The yearly price hike's impact on family favourites, means that the average family with two children will have to pay almost £140 more each year for cereal-based products, such as bread and breakfast cereals, and a further £60 for fresh meats. The average bill for alcohol and eating out is also projected to rise by some £92 per year.

Séan Rickard, a former chief economist for the National Farmers Union who wrote the report, found that eating healthily could become unaffordable for some families if farmers do not have access to every tool in the box to protect crops.

Plant protection products (PPPs) prevent the loss of crop yields by guarding them from more than 10,000 species of pests, 30,000 species of weeds and countless diseases. At the same time, the UN Food and Agriculture Organisation (FAO) estimated that 26-40% of crop yields are lost to weeds, pests and diseases.

Without PPPs, the FAO estimated losses could double and if farmers were denied access to these products, there would be a significant drop in global food production with a subsequent hike in food prices. Also, the quality consumers had come to expect in the crops that underpin the food system, would decline markedly.

According to the report, the cost of fresh fruit and vegetables would rise by more than £4 per week, an extra £226 per year and the average household would have to find an extra £32 per year for milk, cheese and eggs.
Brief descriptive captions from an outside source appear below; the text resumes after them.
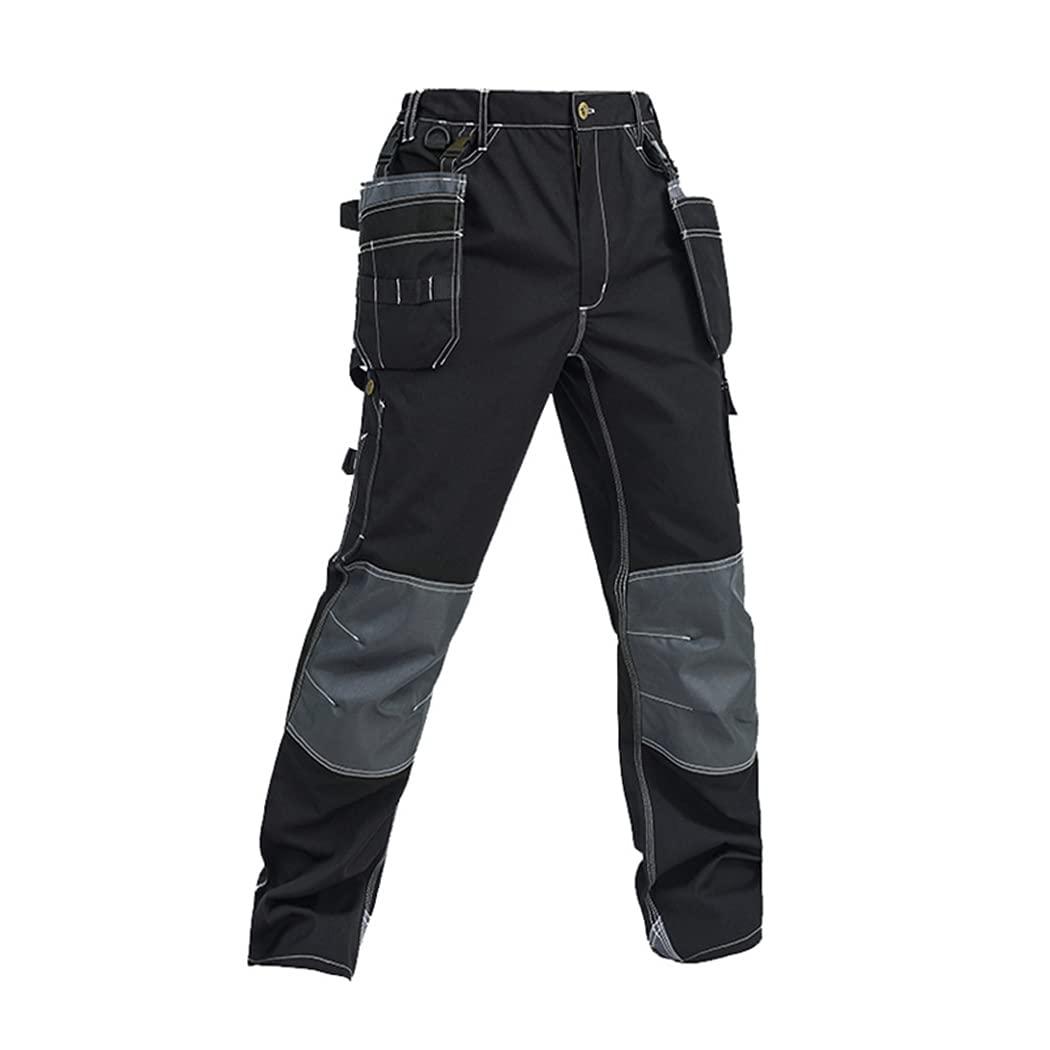 KEHAIOO KEHAIOO Men's Black Workwear Pants, Multi Pockets Working Uniforms, Stretch Military Tactical Pants 03 Black 3XL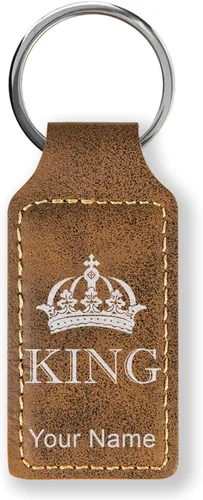Vista 31 de Llavero rectangular, corona de rey, grabado personalizado incluido, Bambú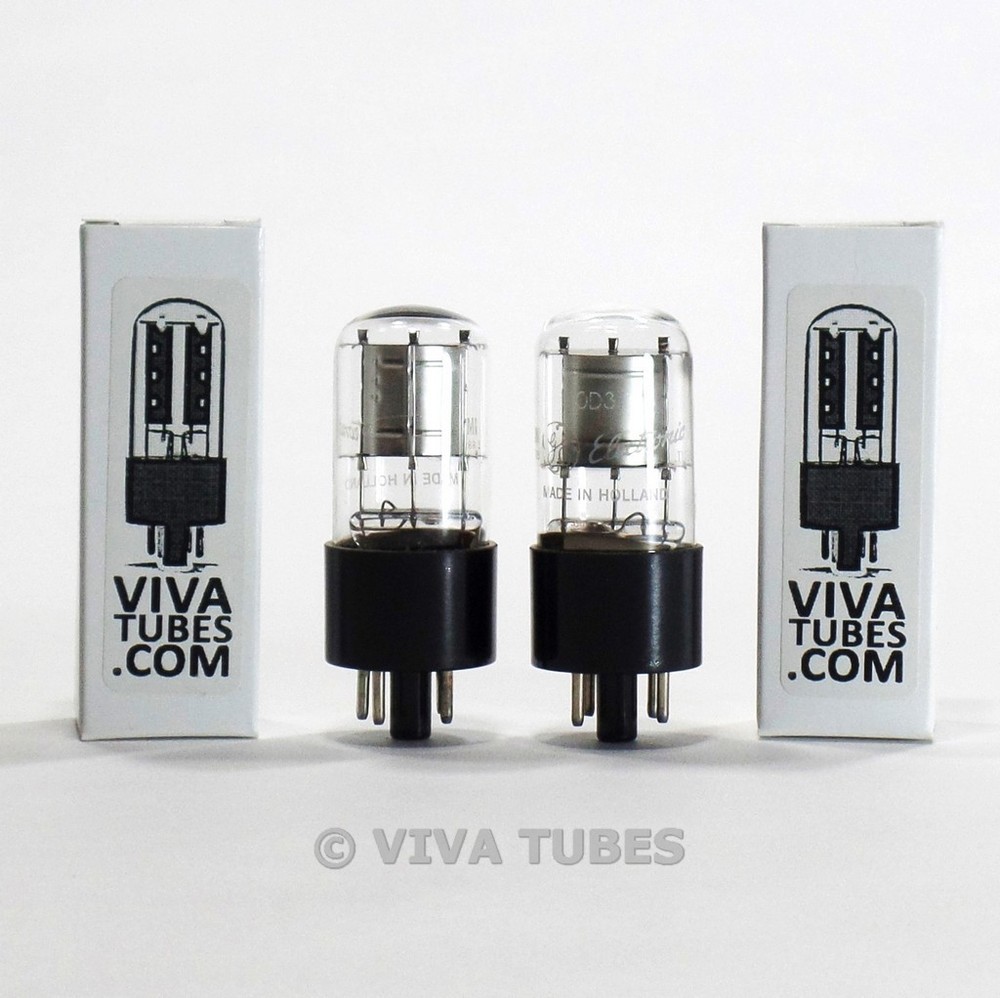 True NOS Matched Pair GE USSR 0D3/OD3 Silver Plate UFO Get Vacuum Tubes 100%+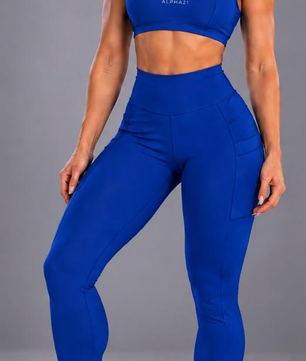 Conjunto Feminino Fitness ALPHA21  Top e Legging com Bolsos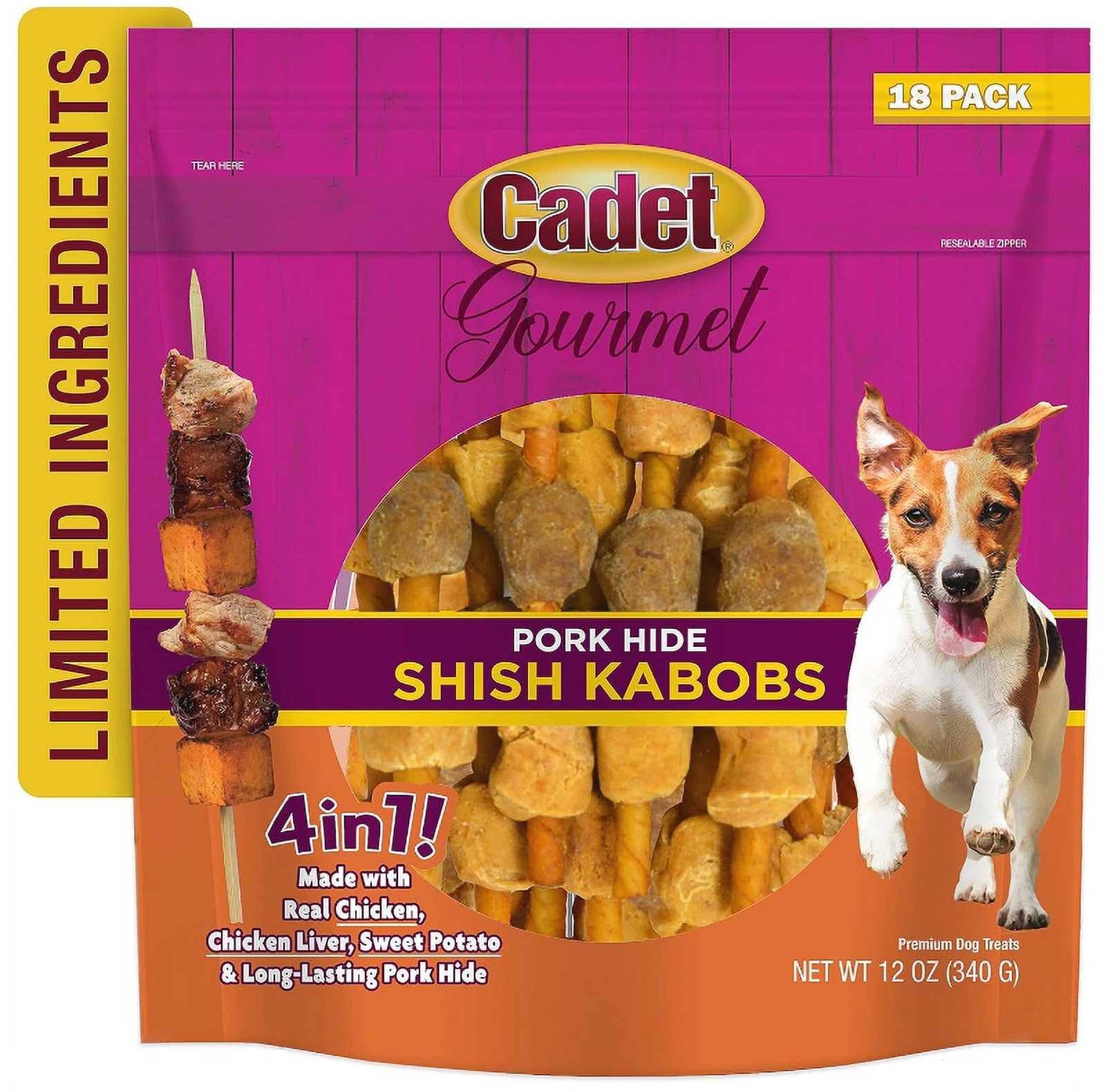 3 Pack Cadet Gourmet Pork Hide Shish Kabobs [Dog Meat and Jerky Treats, New Dog Supplies, Bulk Dog Supplies, Cadet] 54 count (3 x 18 ct)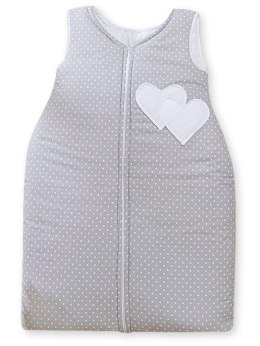 Bobono Śpiworek dla dzieci bawełniany M 6-12 mcy TOG 2.5 całoroczny ocieplany Serduszka kropki na szarym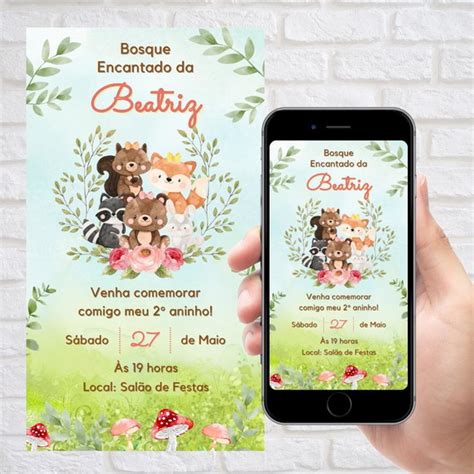 Convite Digital Bosque Encantado Menina Elo7 Produtos Especiais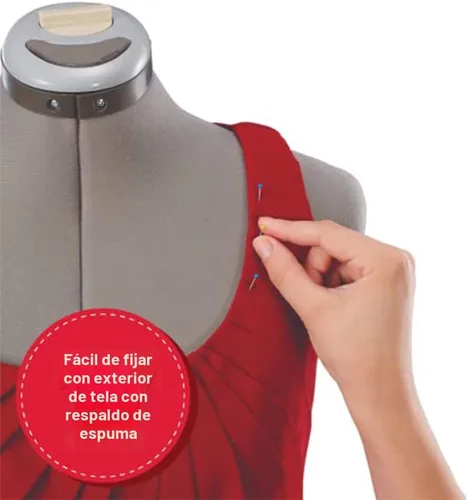 Miniatura 6 de SINGER Maniquí femenino ajustable gris para vestidos, tallas 10-18, apto para clavar alfileres, torso con guía de dobladillo de 360 grados, exterior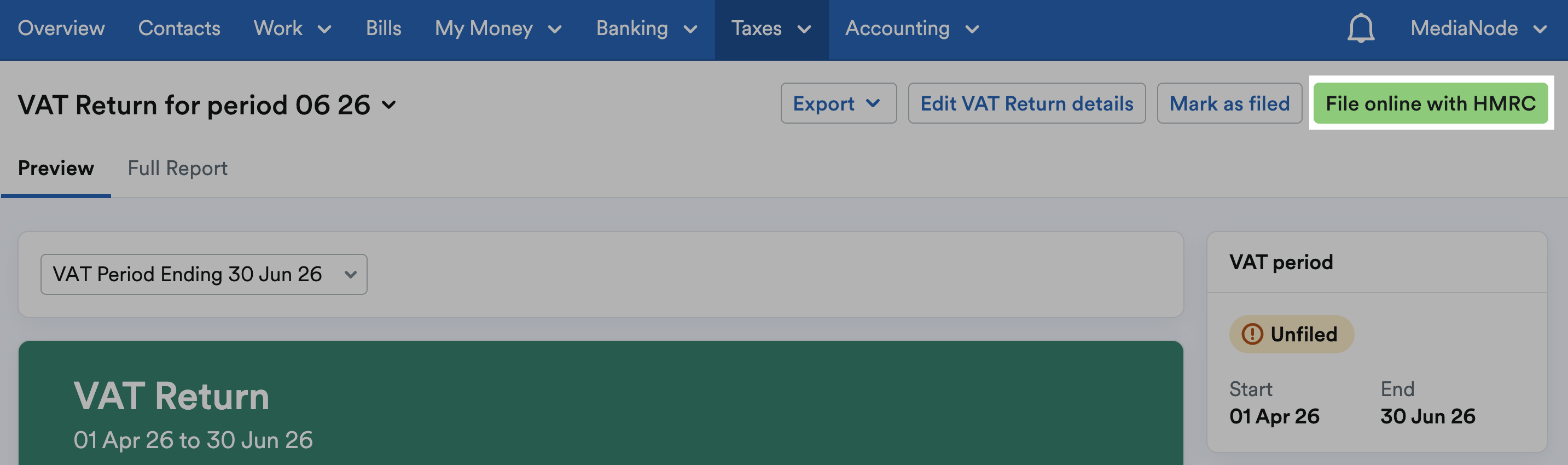 File online with HMRC button highlighted in the top-right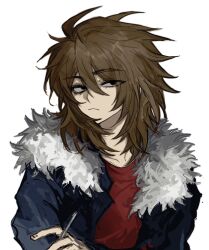 Rule 34 | 1boy, black eyes, blue jacket, brown hair, chinese commentary, closed mouth, commentary request, frown, fur-trimmed jacket, fur trim, highres, isoi reiji, jacket, jiaowowuli, long sleeves, male focus, medium hair, open clothes, open jacket, red shirt, saibou shinkyoku, sanpaku, shirt, simple background, upper body, white background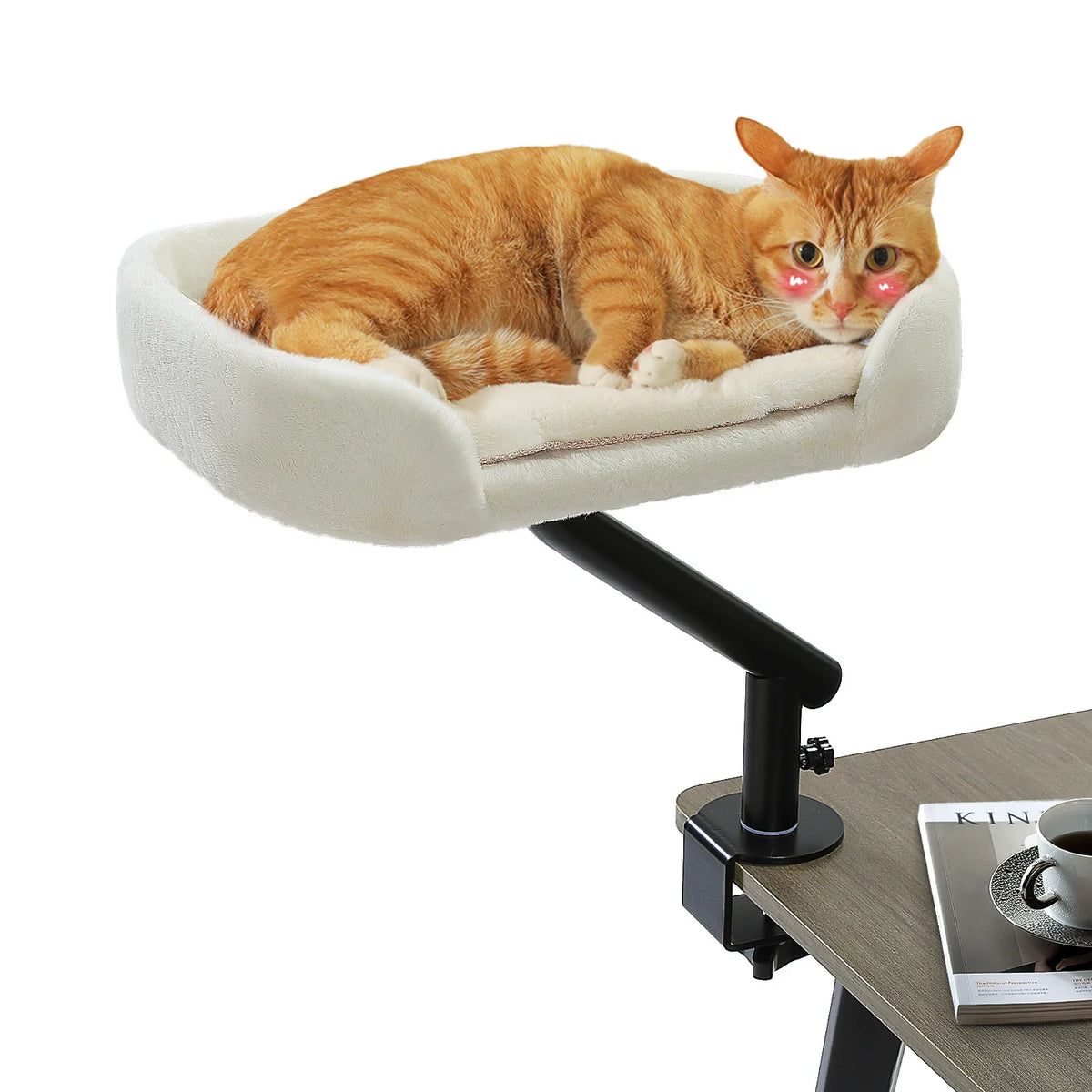 360° Cat Desk Bed — Adjustable Clamp-On Hammock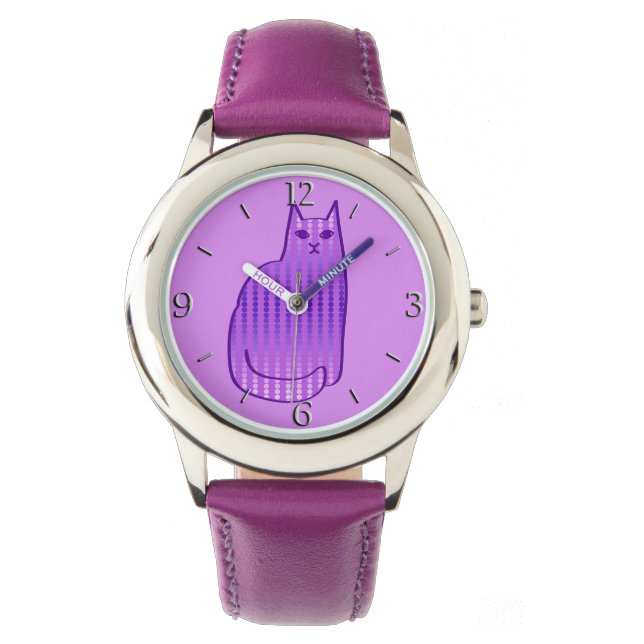Mid-Century Modern Cat, Orchid en Paars Horloge (Voorkant)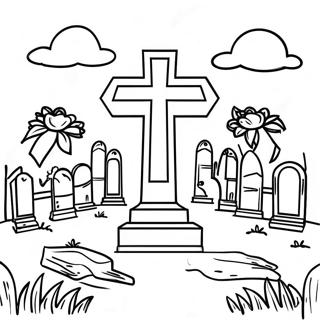 Pagina Para Colorear De Escena De Cementerio 40578-33636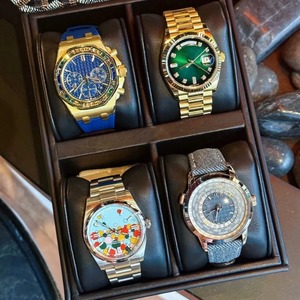 Montre mécanique automatique pour homme ETA, lunette en pierres précieuses arc-en-ciel, boîtier octogonal, calendrier des phases lunaires, bracelet en acier de 20 mm, verre saphir - Product Image 2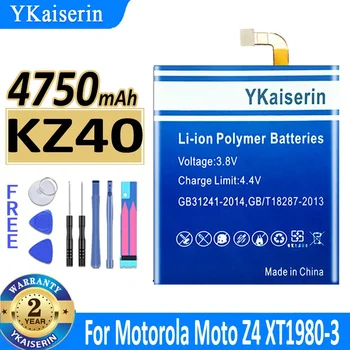  YKaiserin 4750mAh KZ40 KZ 40 Взаимозаменяеми Батерия За Motorola Moto Z4 XT1980-3 + Комплект Инструменти за ремонт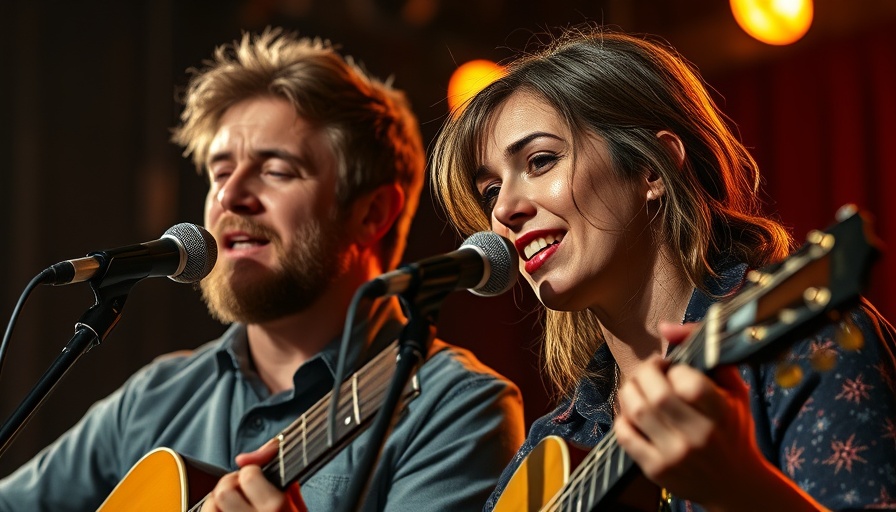 Passionate folk singers perform in warm spotlight at a symposium.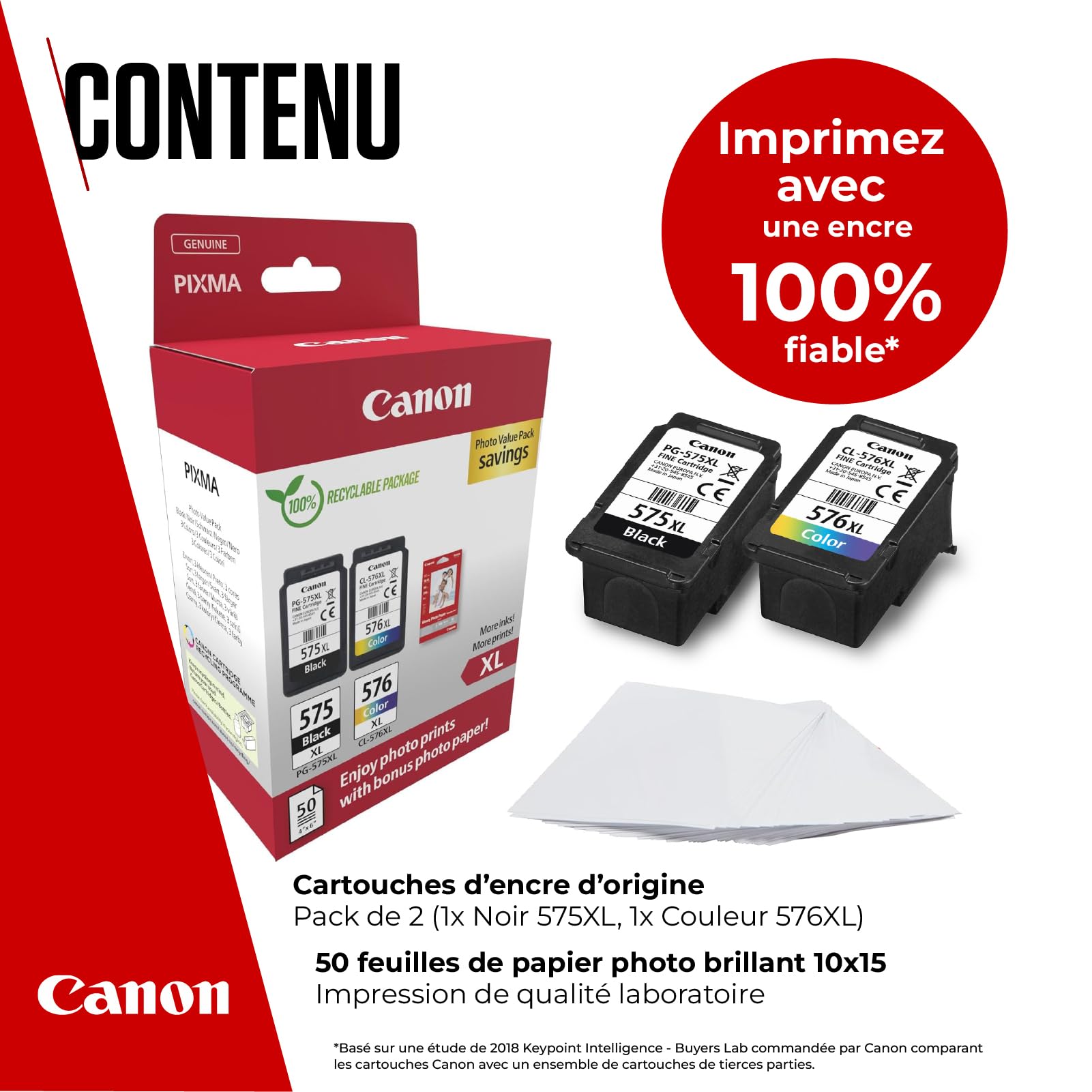 Canon PG-575XL CL-576XL High Yield Genuine Ink Cartridges Pack of 2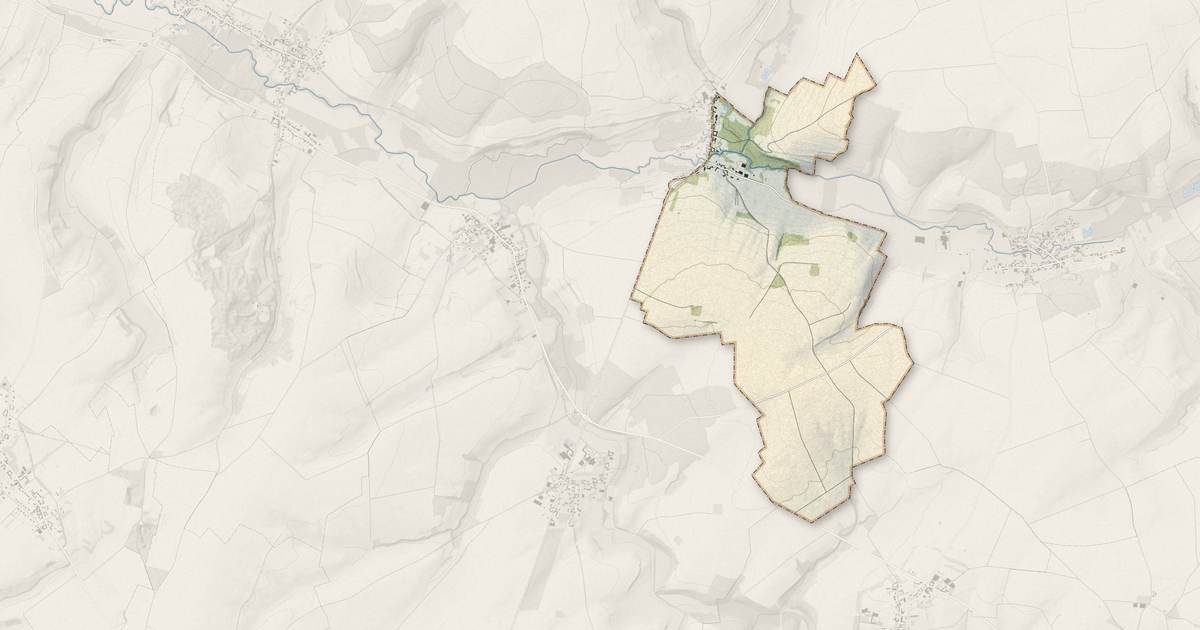 Portrait cartographique de Thièvres : relief, eau, forêts, bâti et voies, calculés à partir des données de l'IGN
Mr Rickard said: “The removal of plant protection products would present a severe challenge to already hard-pressed households, exacerbate income inequalities and make healthy eating more expensive. Some of the largest increases in prices would be for vegetables and fruit."

Crop Protection Association CEO, Sarah Mukherjee, said: “The report shows that plant protection products are essential in maintaining the supply of affordable food for families across the UK. Poorer households with children spend a much higher proportion of their weekly expenditure on food, meaning that their budgets will be squeezed even further if PPPs are threatened.

"UK farmers need every tool in the box, including pesticides, if they are to provide high quality, safe, affordable food,” she argued.